To be an election programme in terms of section 69 of the Broadcasting Act the show had to encourage or persuade, or appear to encourage or persuade voters to vote, or not to vote, for a political party or the election of any person at an election.
The BSA has interpreted this section as capturing programmes which “overtly and directly” act to encourage or persuade. They consider that programmes which may in an “incidental, resultant, secondary or consequential way amount to encouragement, persuasion, advocacy or opposition for or to a particular political outcome are not captured by section 69”.
In the case of the Prime Minister’s Hour, the BSA came to the conclusion that it did not come within their interpretation of an election programme because it did not “actively encourage, persuade, advocate or oppose a political outcome”. Nor did “the mere presence” of the PM make it an election programme.
I can understand why John Key agreed to the format and Phil Goff made the complaint, however. They both know that John Key doesn’t have to talk politics to accrue political capital. It’s John Key’s personality, his ability to transcend politics and relate to people at a non-political level, that is currently attracting votes away from Labour. The non-overtly-political format of the PM’s Hour played directly to John Key’s personal and electoral strengths. And this has irked Phil Goff.
It’s a classic example of something I have been arguing for years. In this era of permanent campaigning all manner of activities, behaviours, events and messages are electioneering. They may not explicitly ask for the vote, but all are undertaken in order to be viewed favourably by voters with the ultimate goal of gaining as many party votes as possible at the next general election.
The current election broadcasting and advertising laws do not reflect the realities of modern campaigning. I’m sure the Electoral Commission will also find that that, in response to Labour’s complaint that the programme was an election advertisement, the show does not confirm with the Electoral Act’s definition of election advertisement either, because it will be covered by the exemption for editorial content of a periodical, radio or television programme.
Electoral law will always be playing catch-up here, because it is unable to predict every form of campaigning that will occur in the future. With proliferating channels of communications, rapidly changing technologies and multiple messages competing for attention, electioneering will increasingly be carried by the intangible and the implicit: things like smells, movements, locations, physical actions, projections, shapes, spaces, smiles, colours… Anything may be an election offering, at any time, and none of these are covered by existing legislation.

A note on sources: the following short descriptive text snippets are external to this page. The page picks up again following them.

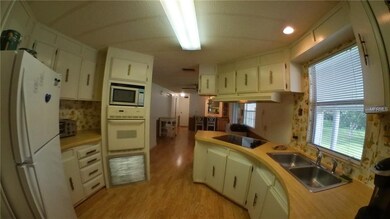 KITCHEN LOOKING TO THE REAR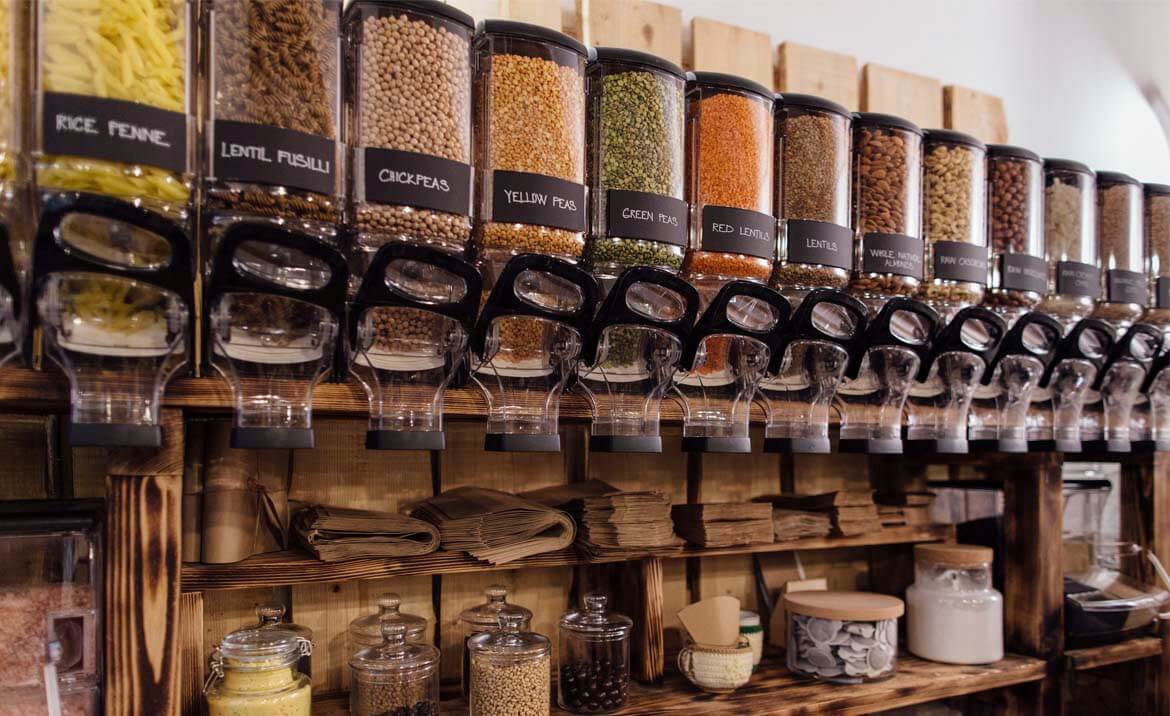 Row of dried good dispensers in a zero waste refill store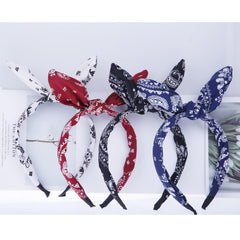 Lvyeer headband held in hand for size comparison showing compact, lightweight design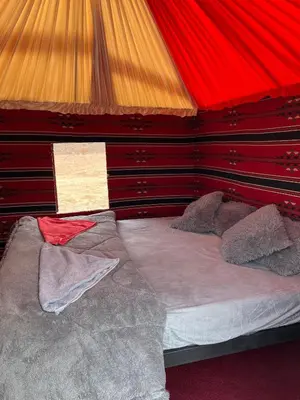 a bedroom with a bed with a red canopy at Desert Key Camp in Wadi Rum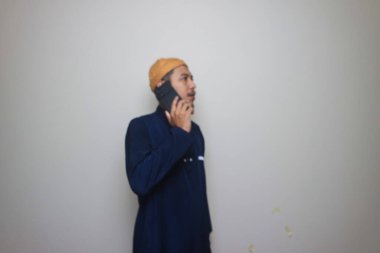 Beyaz arka planda izole edilmiş cep telefonu kullanan Asyalı Müslüman.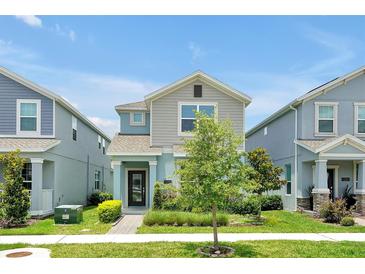 Charming two-story home with a manicured front yard and inviting curb appeal, in a well maintained neighborhood at 11288 Listening Dr, Orlando, FL 32832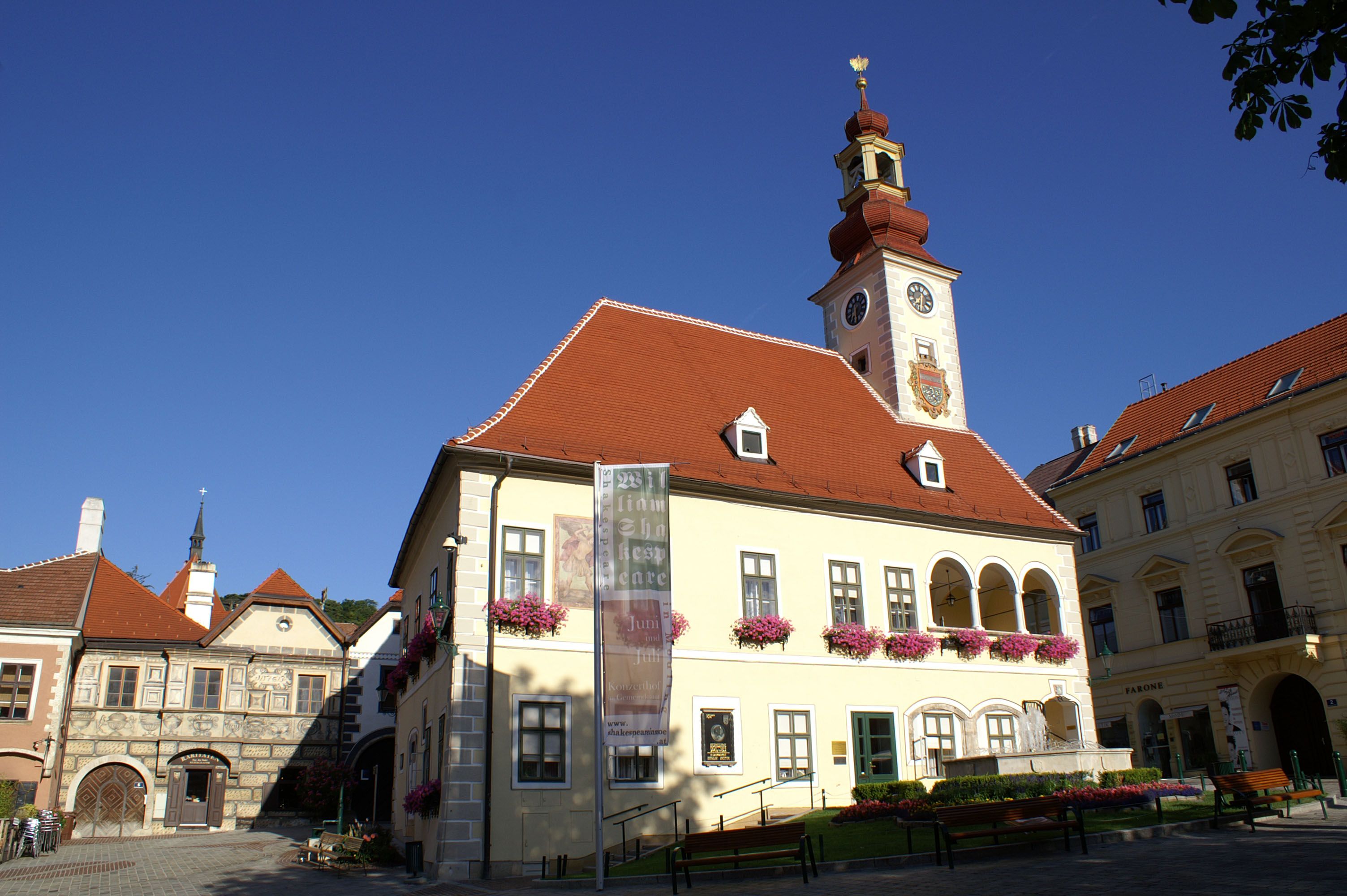 Historic building with tower and clock in Mödling, surrounded by blue sky.
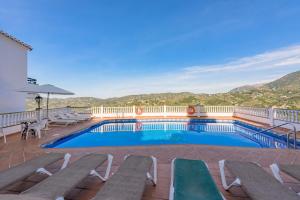 a swimming pool with benches and a view of the mountains at Apartamentos Rosamarina in Frigiliana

And nor should they be! We actually need laws that enhance rather than restrict politicians and political parties from engaging with citizens. Political communication is good not bad. All the current laws do is encourage sideshows as officials fruitlessly deliberate whether something is an election broadcast or ad. Between 1 January and 10 October 2011 (when I requested this info) the Electoral Commission had received 619 requests for advisory opinions about whether a piece of political communication is an election advertisement or not. A number of these requests related to multiple items of publicity. And each one took between 3-5 working days to process. What a ridiculous waste of time and taxpayers’ money this is.
Rather than cry foul, what Phil Goff needs to do is be creative and find something to do on the campaign trail that Key hasn’t thought of first. That is what successful challenger brands do when they are going after the market leader in the commercial market. The same imperative exists in the political leadership market.